KAT GOULART É NETA DE IMIGRANTES AÇORIANOS

Nas eleições de 3 de Novembro próximo, Kat Goulart concorreu a deputada estadual pelo Distrito Eleitoral 39 de Connecticut. Goulart foi a votos pelo partido republicano e teve pela frente o actual ocupante do cargo. A luso-americana é uma das figuras mais visíveis do chamado GOP na cidade de New London, onde, para além de presidente do Comité Republicano, está ligada a diversas iniciativas da sociedade civil. Concorreu já ao mesmo cargo no passado e tentou ainda a sorte como candidata a vereadora em New London.

Kat Goulart é descendente de imigrantes açorianos que se fixaram no Brasil na segunda metade do século XVIII e de cuja safra resultou João Goulart, o 24.º presidente do Brasil. O seu ramo da família corresponde ao primeiro grupo de açorianos que se mudou para o Rio Grande do Sul – depois de uma primeira leva em 1749. O nome original – Goulart – é de origem flamenga e terá sido adulterado em Portugal para a actual escrita; a sua origem provém de famílias da Valónia e de Bruxelas.

O avô paterno emigrou do Brasil para os Estados Unidos e o pai já viria a nascer em Norwich, CT. Kat Goulart acredita existirem largas dezenas de membros do clã na região – muito embora a família se tenha separado em dois núcleos depois de uma zanga na década de 30 do século passado. Por via da avó paterna, Kat é Vasconcelos.
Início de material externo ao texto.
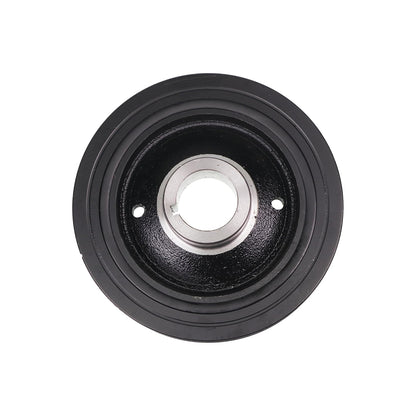 Balancer Crankshaft Pulley 12610-77E10 12610-77E12 91177266 for Suzuki Vitara Chevrolet Tracker 2.0L 1999-2004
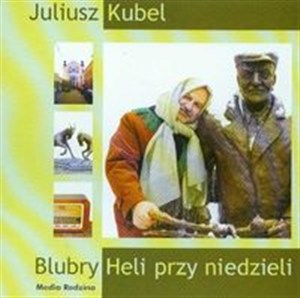 Obrazek [Audiobook] Blubry Heli przy niedzieli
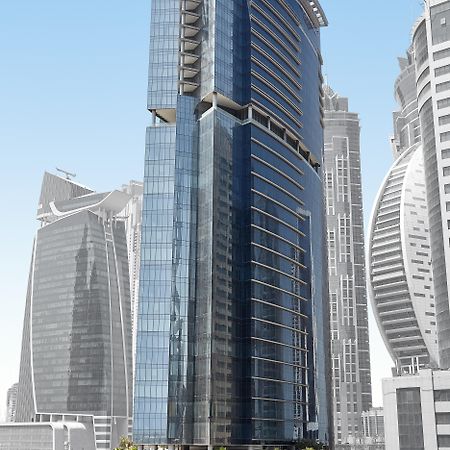Park Regis Business Bay Otel Dubai Dış mekan fotoğraf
“Muitos dos Goulart nesta área tornaram-se pescadores e estão concentrados entre Stonington, CT e Westerly, RI”, afirma, em entrevista exclusiva concedida ao jornal LA. “Aliás, a bênção da frota que ainda continuam a fazer é das poucas manifestações de portugalidade por estes lados”.

Apesar de ter nascido em New London, Katherine Goulart – de seu nome completo – cresceu em Montville, CT, onde também faria o liceu. Passaria depois pela University of Southern Maine, “mas não me formei. Tenho um espírito muito empresarial, gosto de identificar problemas e encontrar soluções. Optei por um vida estruturada à minha medida”.

Goulart assume-se “republicana moderada, do tipo Rockefeller. Ou seja, socialmente liberal, mas fiscalmente conservadora”. Para a candidata, “todos nós temos algo em comum, apesar das nossas afiliações partidárias. Se quisermos encontrar soluções para resolver os problemas do país ou a nível das nossas comunidades, temos de encontrar esses pontos em comum”.

É igualmente defensora do trabalho de intervenção social, que se deve materializar a nível do voluntariado. “Devemos fazer algo pelos outros para que todos possam avançar na vida”, ensina. “E se nos limitarmos a apenas reclamar, não vamos a lado nenhum”.